__Problem description__: Although the entries contain pictures, only their text goes into the copy, set down exactly.

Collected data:
--*--
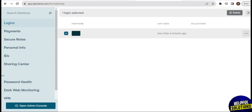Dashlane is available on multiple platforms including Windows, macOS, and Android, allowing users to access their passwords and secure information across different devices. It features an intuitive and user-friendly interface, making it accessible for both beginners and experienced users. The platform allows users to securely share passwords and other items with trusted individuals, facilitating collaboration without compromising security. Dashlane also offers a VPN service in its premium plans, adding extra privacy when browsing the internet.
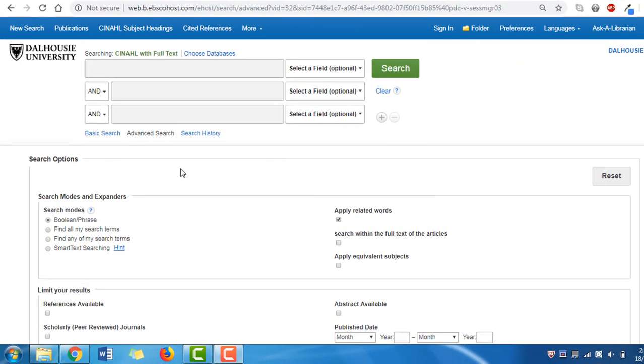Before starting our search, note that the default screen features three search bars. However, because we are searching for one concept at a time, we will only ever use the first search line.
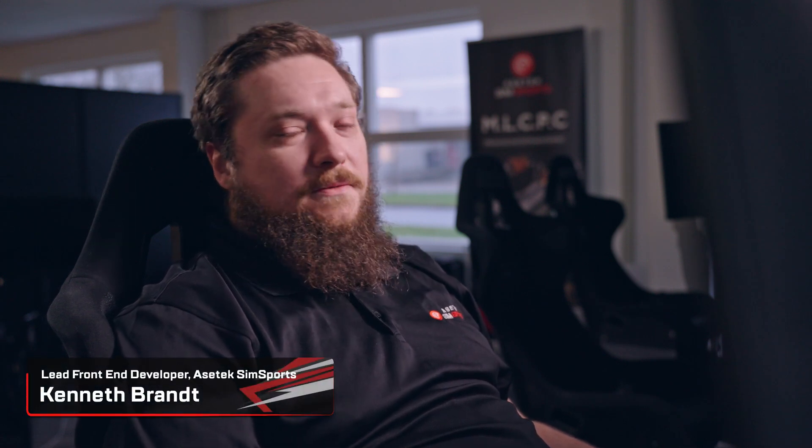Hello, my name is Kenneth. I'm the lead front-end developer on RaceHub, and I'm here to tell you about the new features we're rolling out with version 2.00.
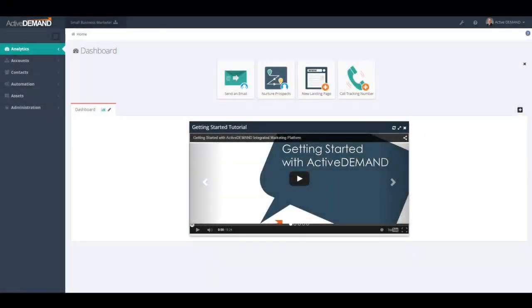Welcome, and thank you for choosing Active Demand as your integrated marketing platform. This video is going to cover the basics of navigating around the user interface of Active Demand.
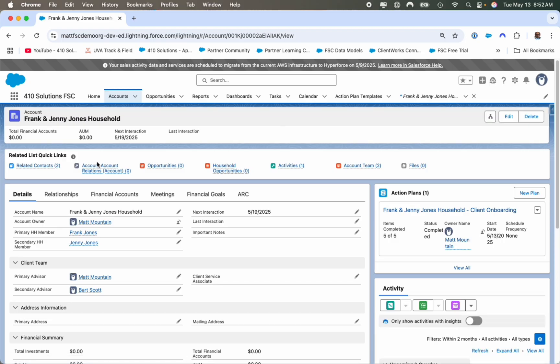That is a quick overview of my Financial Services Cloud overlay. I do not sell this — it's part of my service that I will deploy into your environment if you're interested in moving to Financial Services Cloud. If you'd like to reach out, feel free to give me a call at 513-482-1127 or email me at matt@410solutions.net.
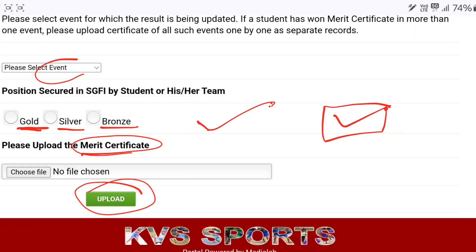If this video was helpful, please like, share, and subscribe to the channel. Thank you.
--*--
__Task solution__:
Dashlane is available on multiple platforms including Windows, macOS, and Android, allowing users to access their passwords and secure information across different devices. It features an intuitive and user-friendly interface, making it accessible for both beginners and experienced users. The platform allows users to securely share passwords and other items with trusted individuals, facilitating collaboration without compromising security. Dashlane also offers a VPN service in its premium plans, adding extra privacy when browsing the internet.
Before starting our search, note that the default screen features three search bars. However, because we are searching for one concept at a time, we will only ever use the first search line.
Hello, my name is Kenneth. I'm the lead front-end developer on RaceHub, and I'm here to tell you about the new features we're rolling out with version 2.00.
Welcome, and thank you for choosing Active Demand as your integrated marketing platform. This video is going to cover the basics of navigating around the user interface of Active Demand.
That is a quick overview of my Financial Services Cloud overlay. I do not sell this — it's part of my service that I will deploy into your environment if you're interested in moving to Financial Services Cloud. If you'd like to reach out, feel free to give me a call at 513-482-1127 or email me at matt@410solutions.net.
If this video was helpful, please like, share, and subscribe to the channel. Thank you.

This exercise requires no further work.